L’Eglise sait d’expérience que le ministère de la promotion des droits de l’homme dans le monde l’oblige à un constant examen et à une incessante purification de sa propre vie, de sa législation, de ses institutions, de ses plans d’action. Le Synode de 1971 disait : « Quiconque ose parler aux hommes de justice doit d’abord être juste à leurs yeux ». Conscients de nos propres limitations, de nos déficiences et de nos échecs, nous pouvons mieux comprendre les manques des autres, institutions aussi bien que personnes. Dans l’Eglise comme dans les autres institutions ou groupements, il faut travailler à purifier les modes d’agir, les procédures ; il faut purifier aussi les relations que l’on peut avoir avec des structures et systèmes sociaux fauteurs de violations des droits de l’homme qui doivent être dénoncées."

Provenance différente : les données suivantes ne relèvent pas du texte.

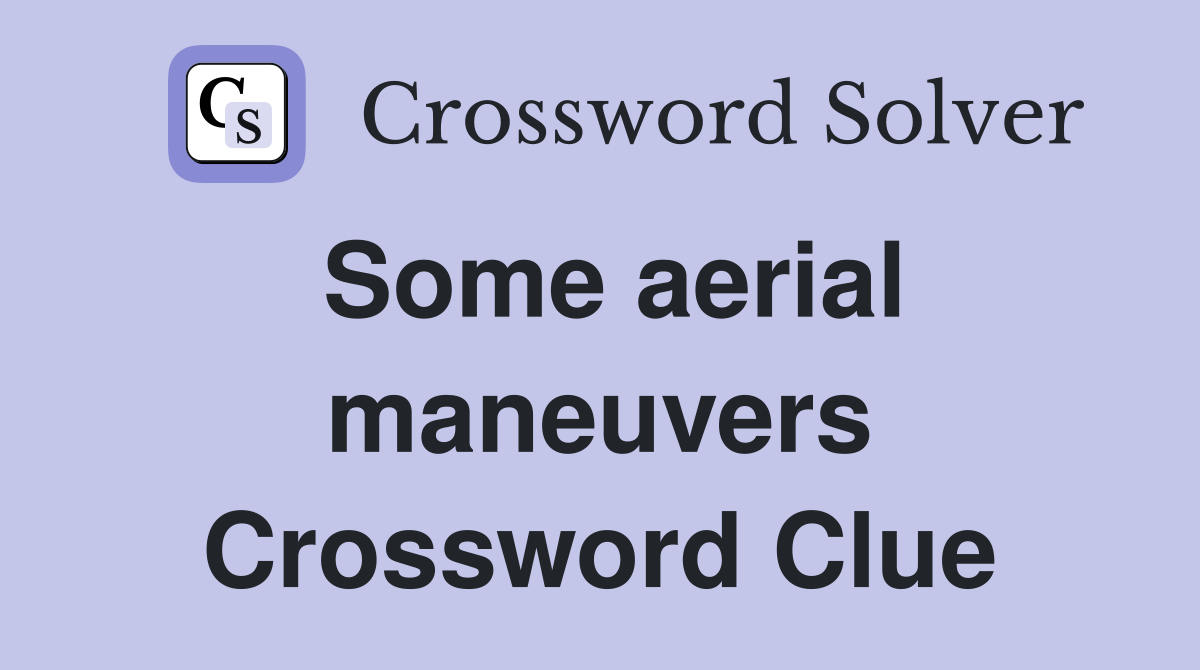 Some aerial maneuvers Crossword Clue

http://www.clerus.org/clerus/dati/2002-06/06-6/Ens_P6_74_02.htm

(3) Dignitatis humanae : "Ce Concile du Vatican déclare que la personne humaine a droit à la liberté religieuse. Cette liberté consiste en ce que tous les hommes doivent être exempts de toute contrainte de la part tant des individus que des groupes sociaux et de quelque pouvoir humain que ce soit, de telle sorte qu’en matière religieuse nul ne soit forcé d’agir contre sa conscience ni empêché d’agir, dans de justes limites, selon sa conscience, en privé comme en public, seul ou associé à d’autres. Il déclare, en outre, que le droit à la liberté religieuse a son fondement réel dans la dignité même de la personne humaine telle que l’ont fait connaître la Parole de Dieu et la raison elle-même."

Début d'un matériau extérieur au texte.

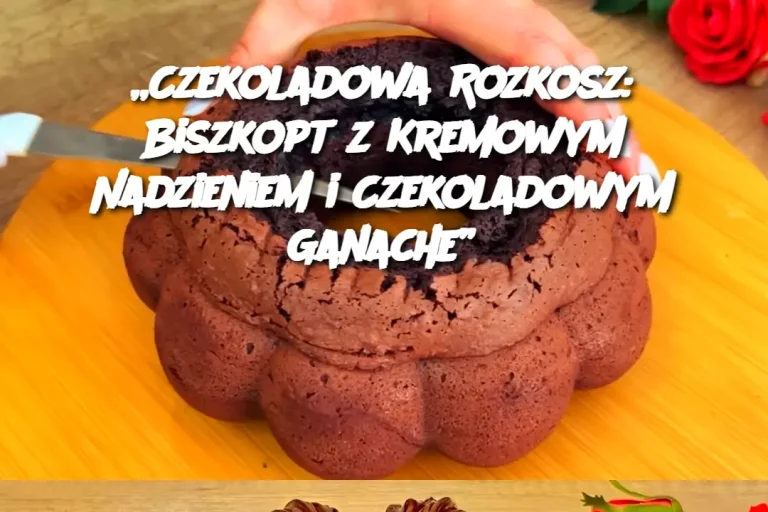 „Czekoladowa Rozkosz: Biszkopt z Kremowym Nadzieniem i Czekoladowym Ganache”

(4) La liberté religieuse est inhérente à la nature humaine et comme telle s'impose à l'Église et même aux professeurs. Nos professeurs n'ont pas de titre à condamner l'obéissance aux livres liturgiques. Selon eux cette obéissance ne seraient valable que moyennant de nombreuses conditions préalables édictées par... eux-mêmes. Soumettant arbitrairement le droit liturgique et le célébrant à des conditions spirituelles alors que ces conditions seraient-elles valables, ne peuvent avoir de conséquences juridiques.